## [The records]
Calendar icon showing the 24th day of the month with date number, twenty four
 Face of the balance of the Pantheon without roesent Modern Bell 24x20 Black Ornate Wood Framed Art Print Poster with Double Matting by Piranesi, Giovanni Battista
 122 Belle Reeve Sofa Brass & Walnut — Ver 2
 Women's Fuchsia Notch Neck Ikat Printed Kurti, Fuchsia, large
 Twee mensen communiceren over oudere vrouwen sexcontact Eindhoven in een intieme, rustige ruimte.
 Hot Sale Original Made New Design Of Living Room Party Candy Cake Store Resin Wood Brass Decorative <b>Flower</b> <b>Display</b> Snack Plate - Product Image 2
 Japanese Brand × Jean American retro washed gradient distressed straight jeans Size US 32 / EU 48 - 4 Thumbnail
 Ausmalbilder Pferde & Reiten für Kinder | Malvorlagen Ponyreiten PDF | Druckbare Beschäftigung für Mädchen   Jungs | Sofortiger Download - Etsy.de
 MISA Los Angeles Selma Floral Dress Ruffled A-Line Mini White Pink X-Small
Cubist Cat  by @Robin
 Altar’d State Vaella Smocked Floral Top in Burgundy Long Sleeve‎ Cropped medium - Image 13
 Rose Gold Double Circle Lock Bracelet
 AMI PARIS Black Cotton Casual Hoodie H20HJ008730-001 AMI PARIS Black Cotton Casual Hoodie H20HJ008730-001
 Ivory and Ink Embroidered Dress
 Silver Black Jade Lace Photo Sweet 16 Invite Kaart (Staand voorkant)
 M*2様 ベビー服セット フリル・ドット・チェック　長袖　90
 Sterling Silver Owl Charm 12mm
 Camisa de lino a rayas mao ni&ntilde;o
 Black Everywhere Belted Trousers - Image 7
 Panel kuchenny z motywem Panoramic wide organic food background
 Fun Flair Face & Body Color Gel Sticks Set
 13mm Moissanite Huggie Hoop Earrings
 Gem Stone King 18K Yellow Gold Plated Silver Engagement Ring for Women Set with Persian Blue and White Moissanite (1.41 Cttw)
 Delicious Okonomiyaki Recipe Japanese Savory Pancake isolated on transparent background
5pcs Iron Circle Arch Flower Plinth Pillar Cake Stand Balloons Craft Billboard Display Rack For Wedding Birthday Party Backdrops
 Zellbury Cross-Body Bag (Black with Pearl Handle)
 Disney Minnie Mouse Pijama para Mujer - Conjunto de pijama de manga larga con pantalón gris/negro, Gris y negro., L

## [What the exercise asks]
The answer is the records above restated word for word from their opening line through the line that holds "Zellbury Cross-Body Bag", both included, and nothing else.

## [Your response]
Calendar icon showing the 24th day of the month with date number, twenty four
 Face of the balance of the Pantheon without roesent Modern Bell 24x20 Black Ornate Wood Framed Art Print Poster with Double Matting by Piranesi, Giovanni Battista
 122 Belle Reeve Sofa Brass & Walnut — Ver 2
 Women's Fuchsia Notch Neck Ikat Printed Kurti, Fuchsia, large
 Twee mensen communiceren over oudere vrouwen sexcontact Eindhoven in een intieme, rustige ruimte.
 Hot Sale Original Made New Design Of Living Room Party Candy Cake Store Resin Wood Brass Decorative <b>Flower</b> <b>Display</b> Snack Plate - Product Image 2
 Japanese Brand × Jean American retro washed gradient distressed straight jeans Size US 32 / EU 48 - 4 Thumbnail
 Ausmalbilder Pferde & Reiten für Kinder | Malvorlagen Ponyreiten PDF | Druckbare Beschäftigung für Mädchen   Jungs | Sofortiger Download - Etsy.de
 MISA Los Angeles Selma Floral Dress Ruffled A-Line Mini White Pink X-Small
Cubist Cat  by @Robin
 Altar’d State Vaella Smocked Floral Top in Burgundy Long Sleeve‎ Cropped medium - Image 13
 Rose Gold Double Circle Lock Bracelet
 AMI PARIS Black Cotton Casual Hoodie H20HJ008730-001 AMI PARIS Black Cotton Casual Hoodie H20HJ008730-001
 Ivory and Ink Embroidered Dress
 Silver Black Jade Lace Photo Sweet 16 Invite Kaart (Staand voorkant)
 M*2様 ベビー服セット フリル・ドット・チェック　長袖　90
 Sterling Silver Owl Charm 12mm
 Camisa de lino a rayas mao ni&ntilde;o
 Black Everywhere Belted Trousers - Image 7
 Panel kuchenny z motywem Panoramic wide organic food background
 Fun Flair Face & Body Color Gel Sticks Set
 13mm Moissanite Huggie Hoop Earrings
 Gem Stone King 18K Yellow Gold Plated Silver Engagement Ring for Women Set with Persian Blue and White Moissanite (1.41 Cttw)
 Delicious Okonomiyaki Recipe Japanese Savory Pancake isolated on transparent background
5pcs Iron Circle Arch Flower Plinth Pillar Cake Stand Balloons Craft Billboard Display Rack For Wedding Birthday Party Backdrops
 Zellbury Cross-Body Bag (Black with Pearl Handle)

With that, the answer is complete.